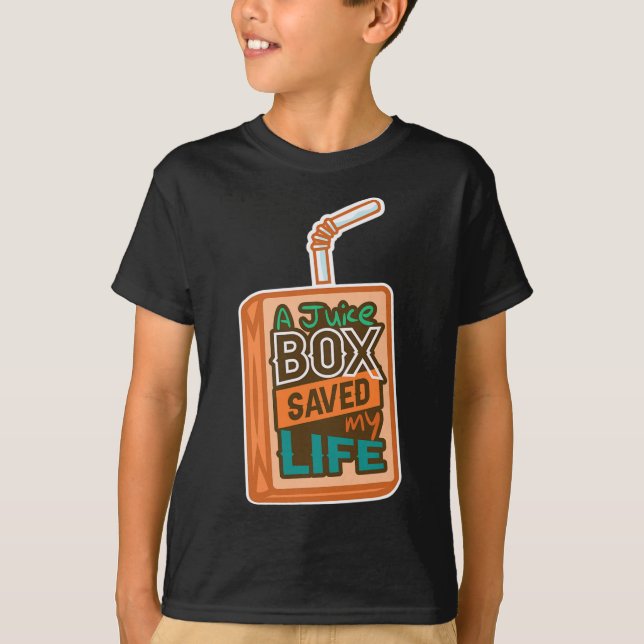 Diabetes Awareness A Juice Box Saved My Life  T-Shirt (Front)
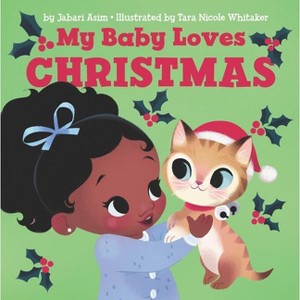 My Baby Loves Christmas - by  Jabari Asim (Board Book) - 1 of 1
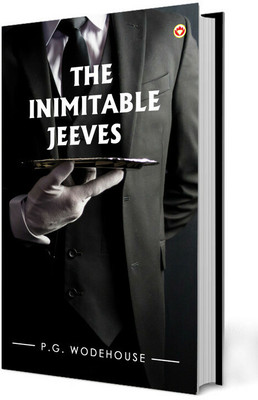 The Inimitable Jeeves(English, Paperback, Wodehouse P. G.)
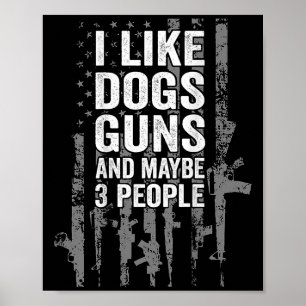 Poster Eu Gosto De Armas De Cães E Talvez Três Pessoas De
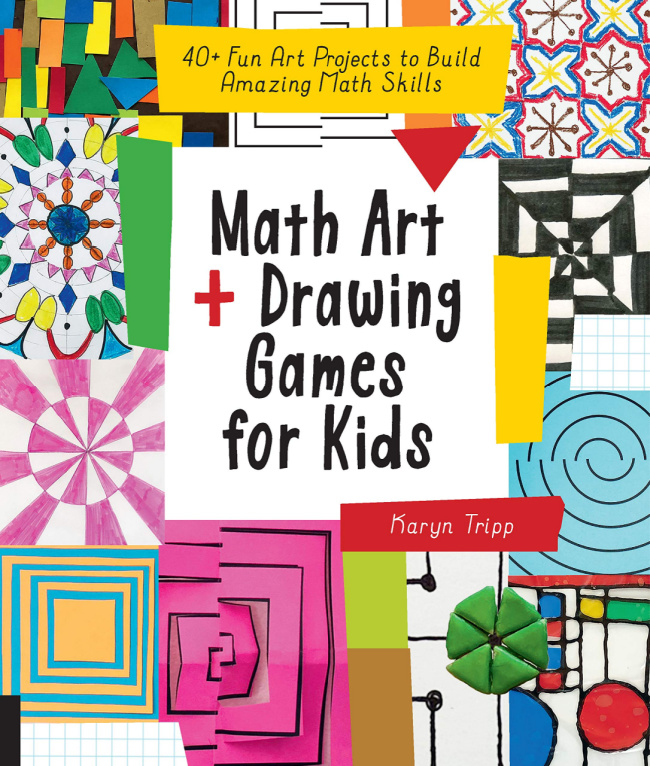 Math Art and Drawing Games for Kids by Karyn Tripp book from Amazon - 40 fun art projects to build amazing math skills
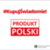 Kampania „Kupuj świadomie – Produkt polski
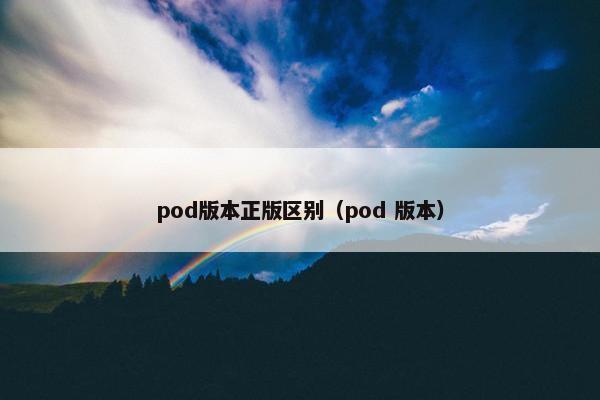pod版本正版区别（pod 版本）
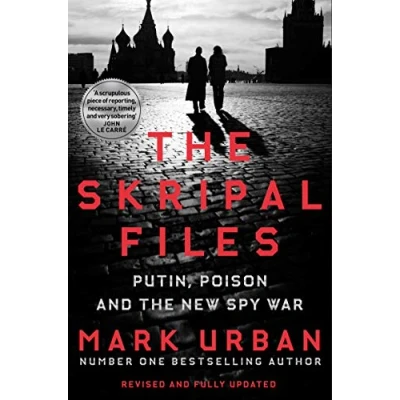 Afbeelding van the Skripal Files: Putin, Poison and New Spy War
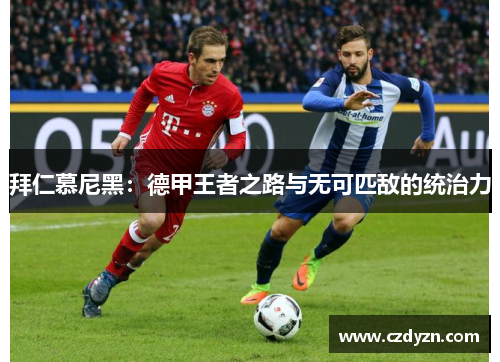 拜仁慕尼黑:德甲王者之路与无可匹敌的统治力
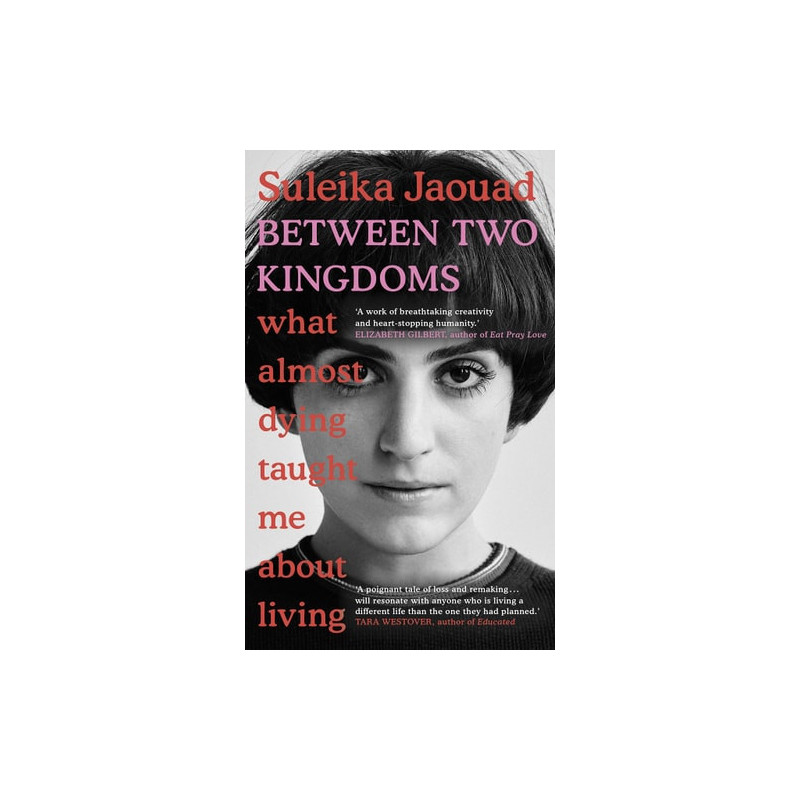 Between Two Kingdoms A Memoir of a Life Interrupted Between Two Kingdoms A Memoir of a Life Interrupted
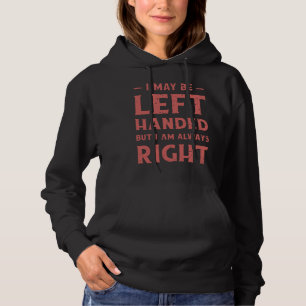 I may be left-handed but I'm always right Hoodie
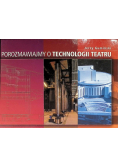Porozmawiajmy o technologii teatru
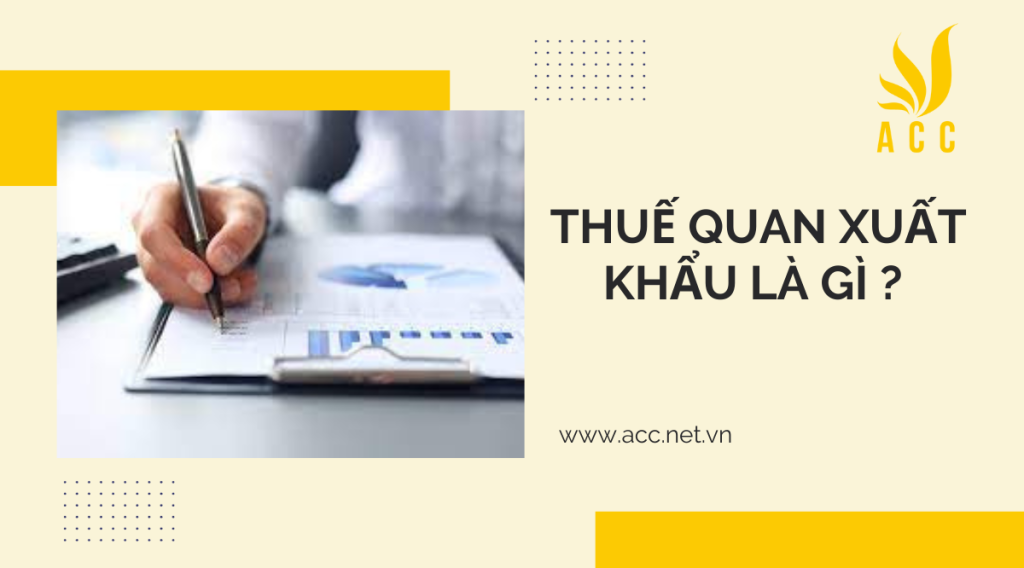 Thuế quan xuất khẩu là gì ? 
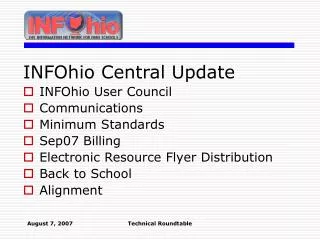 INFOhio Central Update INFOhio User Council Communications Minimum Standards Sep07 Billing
#####
#### [WHAT IS NEEDED]
Please retype the lines from the one containing "My Baby Loves" through the last line of the records above, exactly as written, and leave out any pictures.

#### [WRITTEN SOLUTION]
 My Baby Loves Christmas - by  Jabari Asim (Board Book) - 1 of 1
 The Inimitable Jeeves(English, Paperback, Wodehouse P. G.)
 Poster Eu Gosto De Armas De Cães E Talvez Três Pessoas De
 Math Art and Drawing Games for Kids by Karyn Tripp book from Amazon - 40 fun art projects to build amazing math skills
 Kampania „Kupuj świadomie – Produkt polski
pod版本正版区别（pod 版本）
 Afbeelding van the Skripal Files: Putin, Poison and New Spy War
 拜仁慕尼黑:德甲王者之路与无可匹敌的统治力
 Between Two Kingdoms A Memoir of a Life Interrupted Between Two Kingdoms A Memoir of a Life Interrupted
 I may be left-handed but I'm always right Hoodie
Porozmawiajmy o technologii teatru
 Thuế quan xuất khẩu là gì ? 
 INFOhio Central Update INFOhio User Council Communications Minimum Standards Sep07 Billing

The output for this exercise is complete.